Deer hunting. Curses. UFOs. While many plays and movies are based on one or two of those topics, Escanaba in da Moonlight, which opened last weekend at the Backdoor Theatre under the direction of Michael Sherry, attempts to meld all three together in a backwoods comedy that also includes whiskey going bad, cars catching on fire, magic potions, imaginary bucks, and one park ranger who had a spiritual experience. It’s a recipe for something, that’s for sure. Originally written for the stage, and later adapted into a movie, by Jeff Daniels, this out of this world comedy gave the old “laugh-basket” a good workout. Daniels is one of the most eclectic actors of our on-screen generation, ranging from silly comedies such as Dumb and Dumber to revered dramas, including the excellent HBO series The Newsroom. His script writing skills are equally eclectic, mixing the silliness he is known for with a deeper story of family love.


Set in the in the U.P. (for all you Flatlanders, that’s the Upper Peninsula) of Michigan, the Soady family is getting together for the start of deer season at the “World Famous Soady Deer Camp”. Family patriarch Albert Soady, played by Bill Painter, opens the show and immediately lets us know that he is going to “tell us a story.” The show moves between the events of the story, and Albert occasionally breaking the 4th wall to give us his commentary on the happenings. At 35 years old, youngest son Reuben is in danger of becoming the oldest Soady to have never shot a deer, which has earned him the nickname of the Buckless Yooper by the locals. Reuben’s older brother Remnar has shot a deer every year since he was 9 years old, and follows the same ritual every year to ensure that he bags the biggest buck. The Soady clan are joined by Jimmer Negamanee from Menominee, a local legend who swears he was abducted for a weekend by aliens. When he came back, he started speaking in a strange way and drinking anything that is set in front of him. They are interrupted in their pre-opening day ritual by Ranger Tom, who has just been up on the ridge and claims that he saw a bright light which he could only assume was the face of God.
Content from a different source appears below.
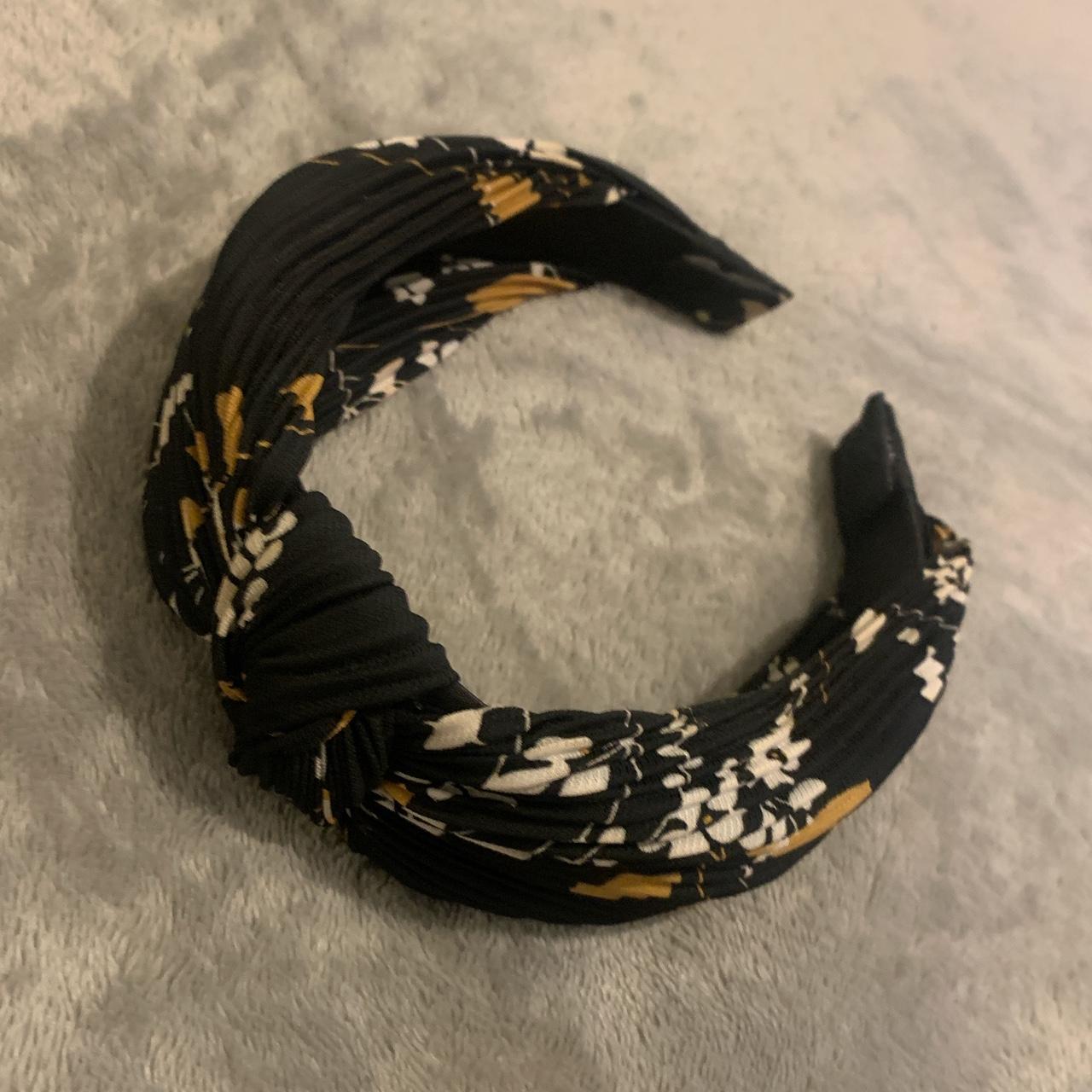 H&M Women's Hairaccessories Depop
Painter plays the fatherly figure of Albert quite well. From the moment he walked on the stage, he embodied the rough around the edges, old codger of the family with a wonderful mix of fatherly love and cantankerous old man. He has a good sense of comedic timing, even though at times he seemed to expect more than was given from the audience. Painter has a very strong voice with fantastic diction, two things that are underrated but much appreciated by the audience.


Mark Finn does a fair job of playing Remnar, Reuben’s boastful brother who is dead-set against breaking tradition until Albert talks him into it. He handles the accent pretty well and really seems to have a connection with the character in the moments when Remnar has his composure. But when the hunters are getting spooked, Finn would overact in a way that seemed completely out of character for Remnar. If he will just tone it down a little, he’ll be more believable.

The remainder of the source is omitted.